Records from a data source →
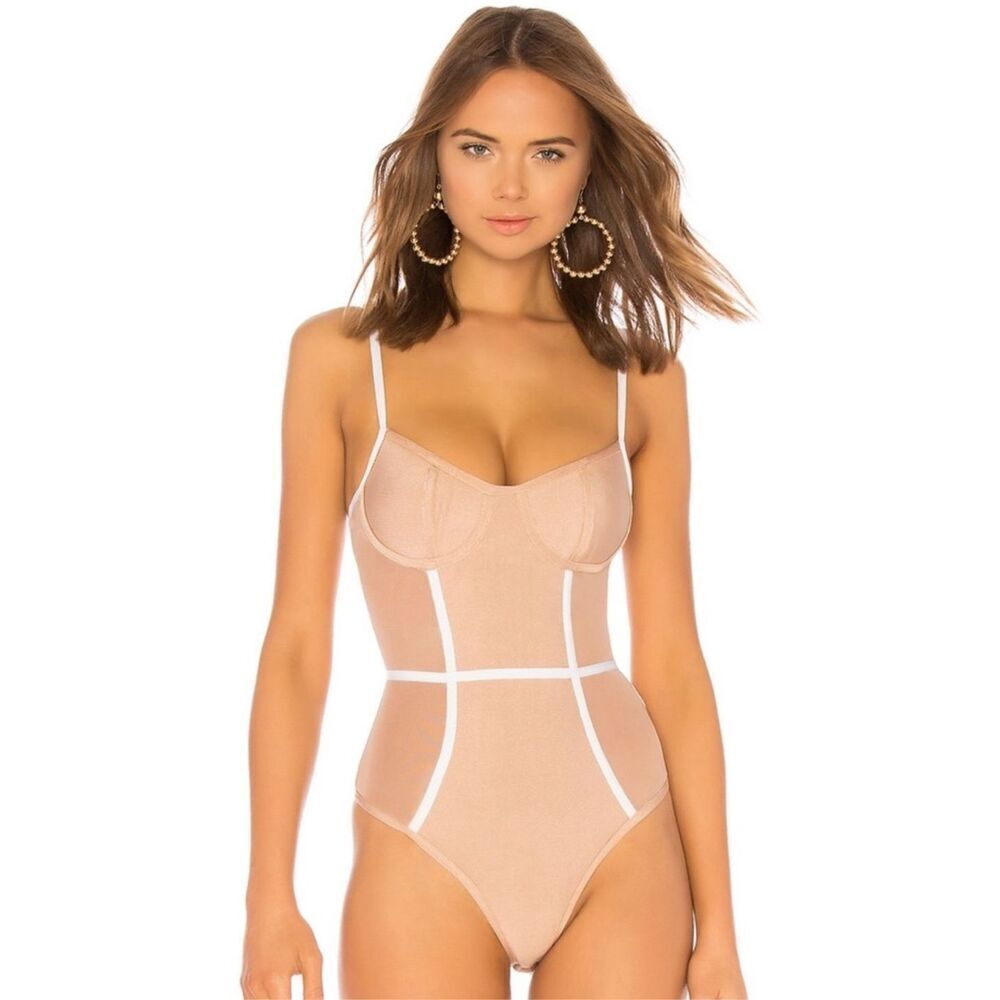 Revolve Superdown Harlow Bandage Mesh Bodysuit Tan Size XS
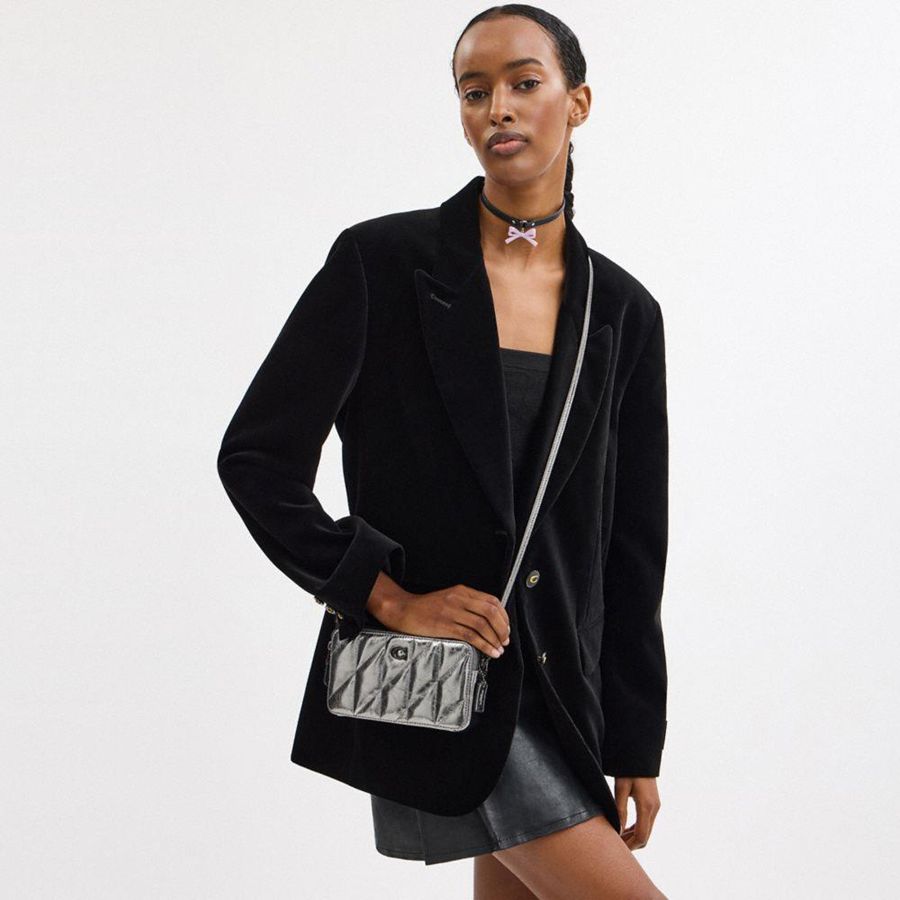 Bolsos De Mano COACH Kira Crossbody With Quilting Mujer Plateadas | RSOLYB-948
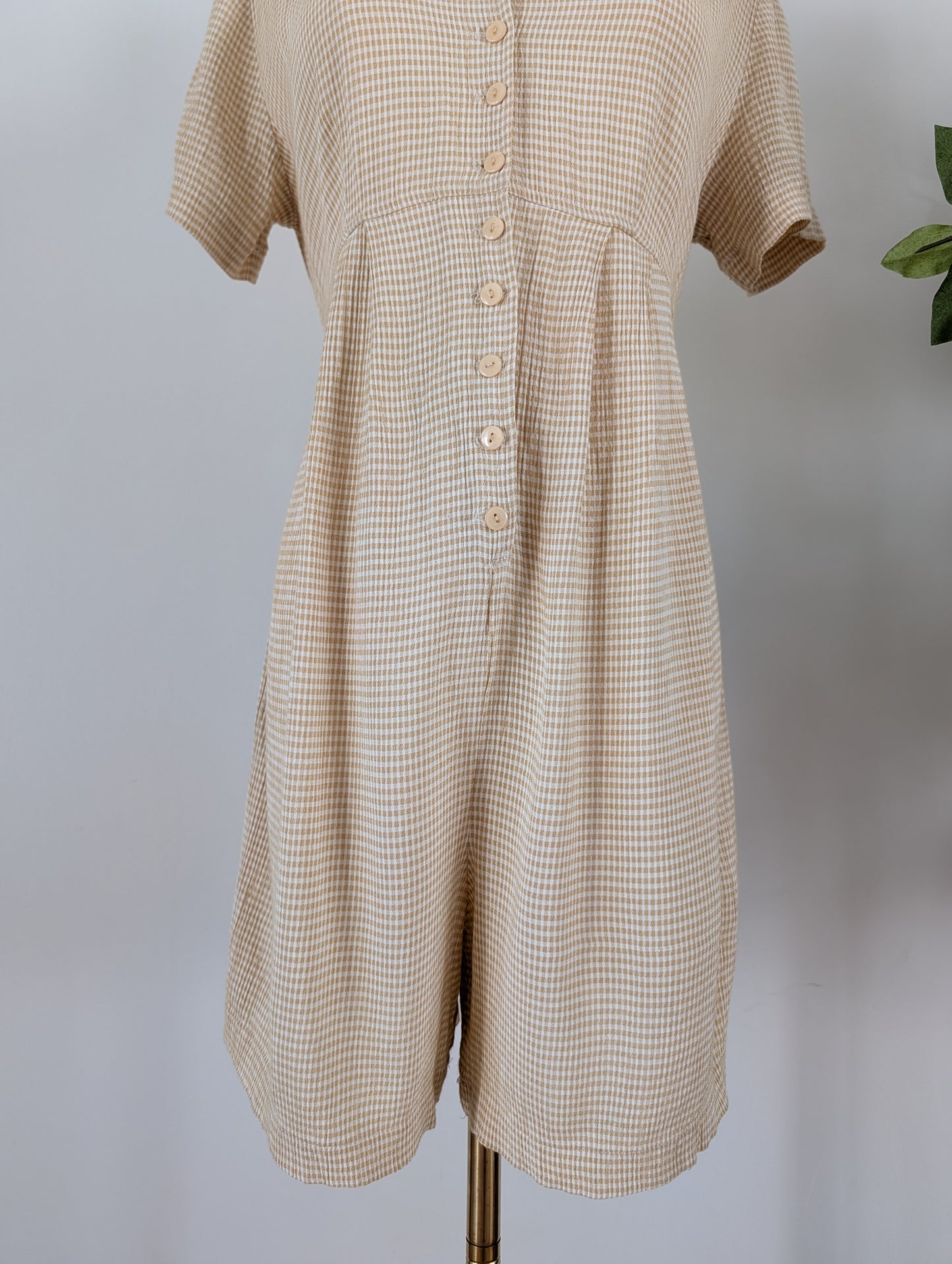 Vintage Gingham Plaid Romper - M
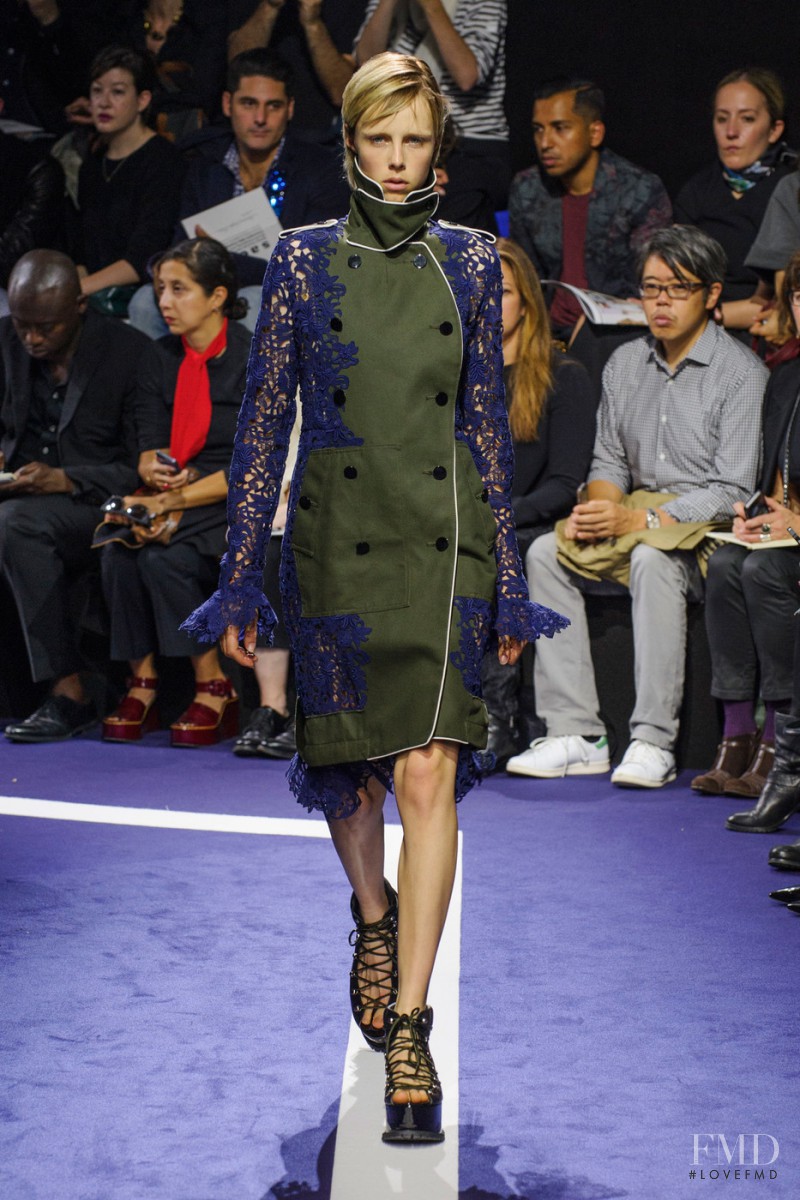 Edie Campbell featured in  the Sacai fashion show for Spring/Summer 2015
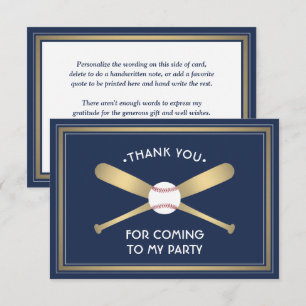 Tarjeta De Agradecimiento Cualquier Tema de Fiesta de Béisbol Azul Marino Bl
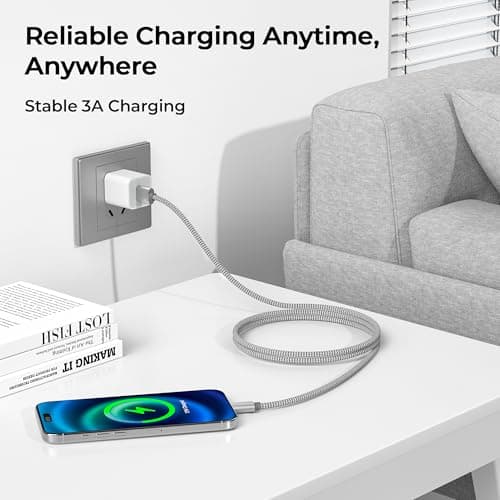 Basesailor for iPhone 17 16 15 Pro Max Charger Cord 6.6FT,USB to USB C Cable 2Pack,Type C Charging Power Cord for Apple iPad 10 Air 4 5,Samsung Galaxy S25 S24 S23 S22 Plus Ultra,A52 A53 A54,Pixel 9 8 — view 5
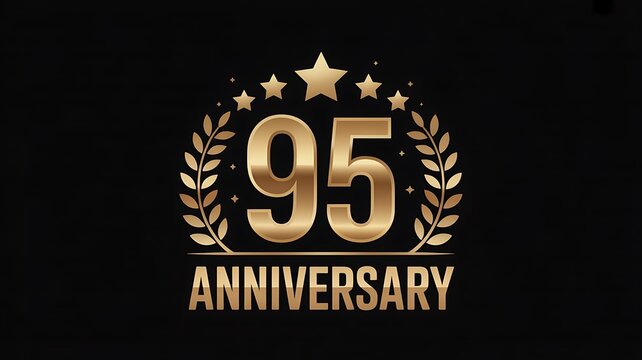 Golden 95th anniversary logo, luxury celebration emblem, shiny laurel wreath, starry award symbol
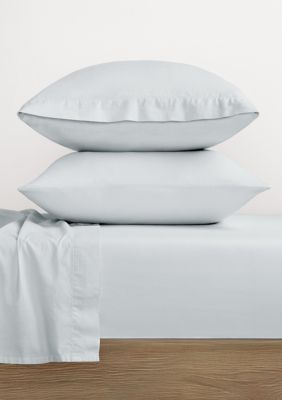 Luxury Inn 100% Cotton Solid 2 Piece Pillowcase Set, Blue, King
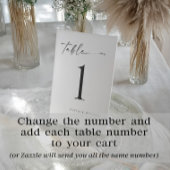 Signe De Table Numéros de table de mariage élégants à écriture ma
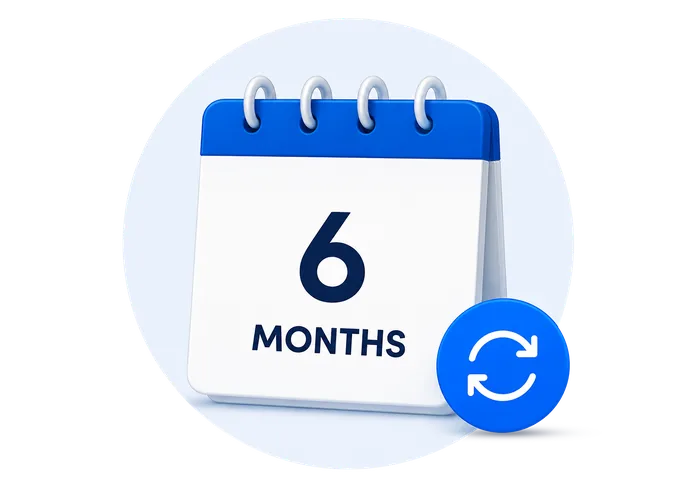 Calendar showing 6 months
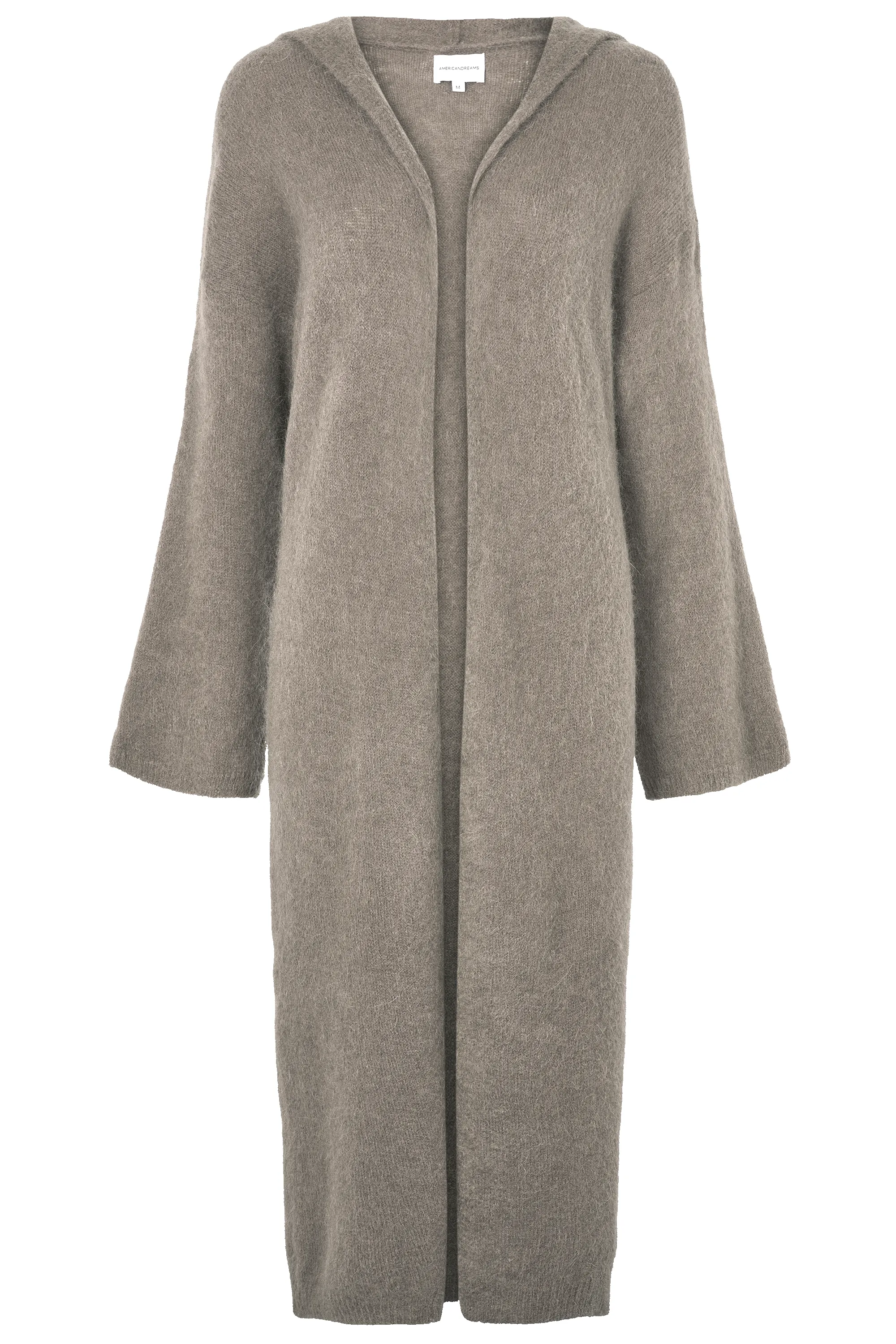 June Long Alpaca Cardigan With Hood Light Taupe sold by Americandreams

Task objective → Return all the records exactly, excluding images.

Result for this exercise →
 Revolve Superdown Harlow Bandage Mesh Bodysuit Tan Size XS
 Bolsos De Mano COACH Kira Crossbody With Quilting Mujer Plateadas | RSOLYB-948
 Vintage Gingham Plaid Romper - M
 Edie Campbell featured in  the Sacai fashion show for Spring/Summer 2015
 Tarjeta De Agradecimiento Cualquier Tema de Fiesta de Béisbol Azul Marino Bl
 Basesailor for iPhone 17 16 15 Pro Max Charger Cord 6.6FT,USB to USB C Cable 2Pack,Type C Charging Power Cord for Apple iPad 10 Air 4 5,Samsung Galaxy S25 S24 S23 S22 Plus Ultra,A52 A53 A54,Pixel 9 8 — view 5
 Golden 95th anniversary logo, luxury celebration emblem, shiny laurel wreath, starry award symbol
 Luxury Inn 100% Cotton Solid 2 Piece Pillowcase Set, Blue, King
 Signe De Table Numéros de table de mariage élégants à écriture ma
 Calendar showing 6 months
 June Long Alpaca Cardigan With Hood Light Taupe sold by Americandreams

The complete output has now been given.